Thursday, November 20, 2014

Perhaps Shockingly Legal

I don't assume President Obama will announce "lawless" changes to our immigration policy tonight.

The changes may run contrary to the spirit of the election, but that's the way politics work--you use your power until you don't have it.

But I suspect that the president will stay within the lines in his executive order. Really, it is more shocking to ponder how much authority Congress grants to the executive to write administrative law to carry out statutory language. That's why the Obamacare rules are so much longer than the already-large law.

Congress will need to start explicitly denying executive agencies the authority to promulgate rules to carry out laws or severely restrict their authority. And perhaps start changing existing authority.

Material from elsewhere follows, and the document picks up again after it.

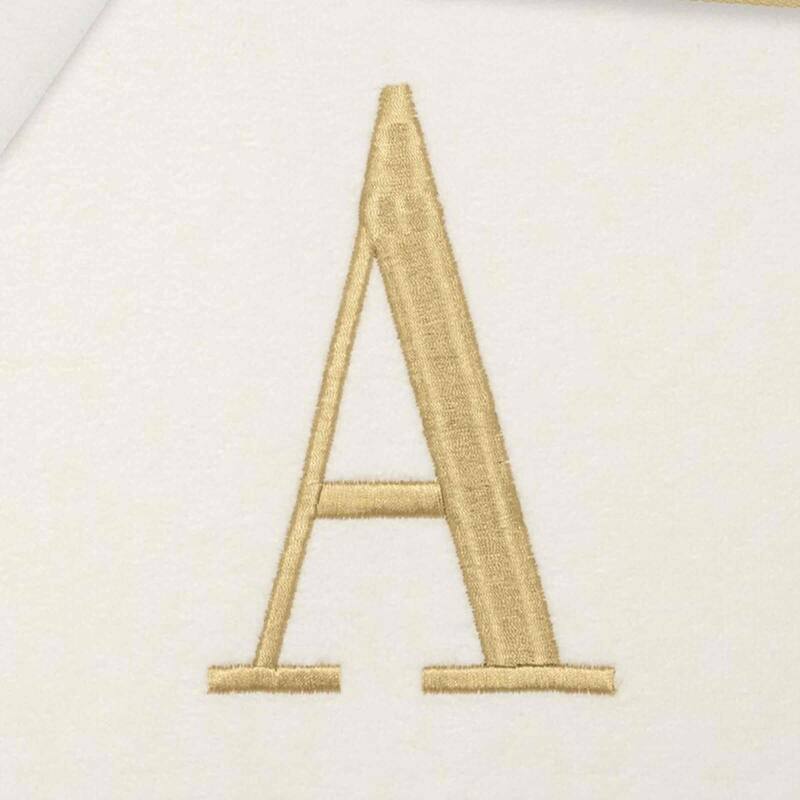 Avanti IVR/GLD Monogram 3-Piece Towel Set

Rules can be a valuable tool for Congress to give the executive branch to avoid putting needlessly technical language into statutes.

But given how legislation itself has grown to monstrous size, along with the staffs to write that language, we're way past the time when Congress couldn't just draft the laws themselves to provide the details that conform to what Congress actually intends.

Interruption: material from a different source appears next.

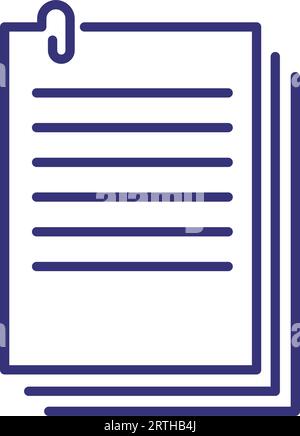 Files line icon Stock Vector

UPDATE: The president's decision seems rather ... large. I'll wait for better analysis than the initial reactions.

A calm but firm response may be in order that rejects the action but denies the president the victim card the way President Clinton played the opposition.

Besides, right now I'm more worried that the president will grant amnesty to Iran's nuclear ambitions.

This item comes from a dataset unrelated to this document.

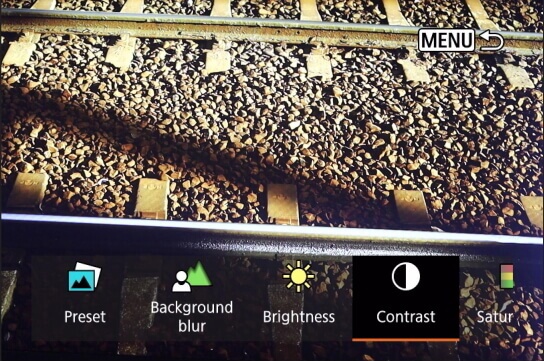 Creative Assist menu (Contrast)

UPDATE: And let me add that if a Republican president had justified sweeping government policy on scripture (setting aside the dubious relevancy of the quotes), the Left would be screaming about Christianist theocracy taking hold in America. But everyone knows that the Biblical quotes are just a thin veneer over political posturing, so there are no complaints from the left side of the aisle.

UPDATE: This seems about right. Tip to Instapundit.

And initial legal thoughts. Limits were considered and set. The author will have more by this weekend. Also tip to Instapundit.

I have no idea if the limits accepted --expansive as they seem to be--in the president's action would pass court review.

Nor do I know if it will even get to a review if Congress and the president come to an agreement for legislative action.

UPDATE: Although there is one former "law professor" on record against such actions, in general.



Perhaps the problem is that the former community organizer likes the idea.